Detonating a torpedo packed with 135lbs of black powder, it became the first submarine in the world to sink an enemy vessel as the USS Housatonic went down with the loss of five lives in Charleston Harbour.

But the 40-foot H L Hunley and its crew of eight were never seen again until the remarkably intact wreckage was discovered in 1995.

Now scientists believe they have finally worked out what killed the crew, whose skeletons were found eerily still sitting at their stations on the crank. Their bones were unbroken, the bilge pumps had not been used and the air hatches were closed. Their deaths appeared to be a mystery.

After three years of research involving setting off explosions near a scale model, firing weapons from the period at plate iron and studying the effect of blasts on human anatomy, Dr Rachel Lance, of Duke University, concluded they were killed by the shockwave from their own torpedo.

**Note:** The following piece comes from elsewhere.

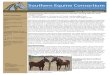 Understanding Stereotypic Behaviors in Horses: Parting .../media/system/2/0/9/1...Understanding Stereotypic Behaviors in Horses: Parting with the Term “Stable Vices” ... result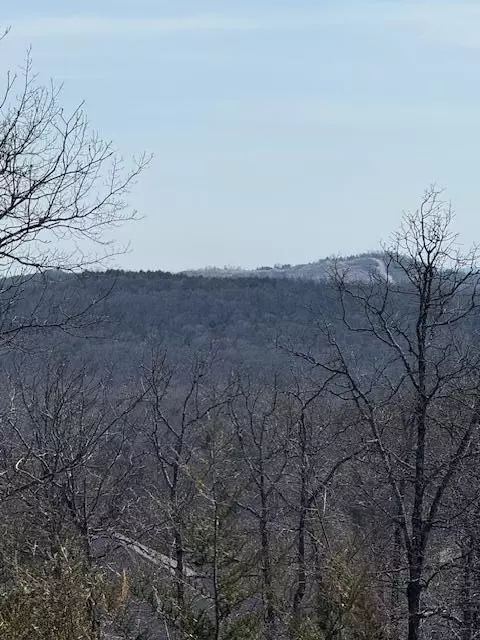 644 Timberland Trl, Branson, MO 65616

It was a simple keg of gunpowder on a 16ft pole which the Hunley rammed into the Housatonic’s hull.

When it exploded, the crew of the Hunley were within 42 feet of the blast. And, at that range, the shockwave would have had a devastating effect on the soft tissues of their bodies, particularly their lungs and brains.

Dr Lance said: “This is the characteristic trauma of blast victims, they call it 'blast lung’. You have an instant fatality that leaves no marks on the skeletal remains.

“Unfortunately, the soft tissues that would show us what happened have decomposed in the past 100 years.”

She said blast-lung occurs due to the different speeds that a shockwave travels through air and water – 340 metres per second in the former but 1,500mps in the latter.

“When you mix these speeds together in a frothy combination like the human lungs …, it combines and it ends up making the energy go slower than it would in either one,” Dr Lance said.

In fact the shockwave would have travelled at just 30mps in the lungs and this would have amplified the tissue damage.

This would have created the “worst case scenario for the lungs”, with shear forces tearing apart the delicate structures where the blood stream meets the air.

This would have filled their lungs with blood and Dr Lance calculated this alone would have had an 85 per cent chance of killing them instantly. They would have also suffered traumatic brain injuries.

After the explosion, with no living crew to power it, the Hunley would have drifted out on the tide, slowing taking on water and sinking.

“All the physical evidence points to the crew taking absolutely no action in response to a flood or loss of air,” Dr Lance said.

“If anyone had survived, they may have tried to release the keel ballast weights, set the bilge pumps to pump water, or tried to get out the hatches, but none of these actions were taken.”

The research was described in the journal PLOS One.